In 1901, Hawley Harvey Crippen met a young woman Ethel Le Neve who was working as a secretary at a homeopathic clinic where he had found work, and they fell in love. He was doing well at his new job, and he moved with his wife to a new house at Hilldrop Crescent where Turner decided to take in lodgers. Turner became involved with one of their lodgers, a young student, and Hawley Harvey Crippen became aware of it. The couple lived in a toxic atmosphere until in 1909 he decided to murder his wife. In early 1910, he obtained five grains of the poison hydrobromide of hyoscine from a chemist.

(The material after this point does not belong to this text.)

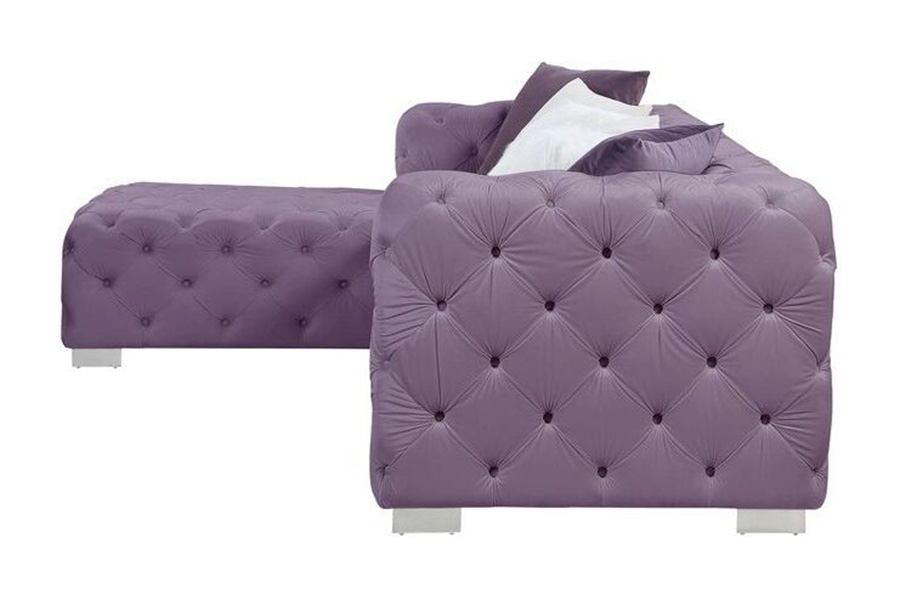 ACME Qokmis Sectional Sofa with 6 Pillows - Purple Velvet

He was arrested and put on trial but always denied that he had murdered Turner. The sequence of events was that the drug he had obtained to subdue Turner had the opposite effect and made her hyperactive, there was a brawl which ended in Hawley Harvey Crippen shooting her. He dissected Turner’s corpse, burnt her bones in their kitchen hearth and buried her torso in the house. Afterwards, he disposed of her head and organs by throwing them in a sack into a canal close to their home.
Arrest And Trial
Hawley Harvey Crippen told his girlfriend that Belle had deserted him and gave her some of his wife’s jewellery, pawning the remainder. He sent a note to the Ladies Guild Turner belonged to, resigning her position as treasurer. The Ladies Guild people did not believe his story, and when a month later his girlfriend was seen at a ball wearing his wife’s jewels, they became suspicious. The Ladies Guild persisted and went to the police.
He was interviewed by police who believed his story. Unaware of this, he panicked and fled to Canada with his girlfriend. When the Scotland Yard detective Drew paid a follow-up visit and discovered Hawley Harvey Crippen missing, they became suspicious and opened an investigation, had the house searched and found the remains of Turner.
Hawley Harvey Crippen and his girlfriend had by then boarded the Montrose to Canada. The Captain of the ship saw pictures of the couple in a newspaper telegraphed by White Star Line in Liverpool, and Inspector Dew of Scotland Yard was informed, and the couple was arrested as they were about to disembark in Canada.
Trial And Aftermath
Hawley Harvey Crippen was found guilty on the 26 October 1910 and executed by hanging on the 23 November 1910. He left his estate to Ethel who, after spending five years in Canada, returned to the UK, married and died at the age of 84 in 1967.
The house where the murder took place, 39 Hilldrop Crescent, stood empty for thirty years and was destroyed in World War II in an air raid.
The Crippen family were strict Protestants.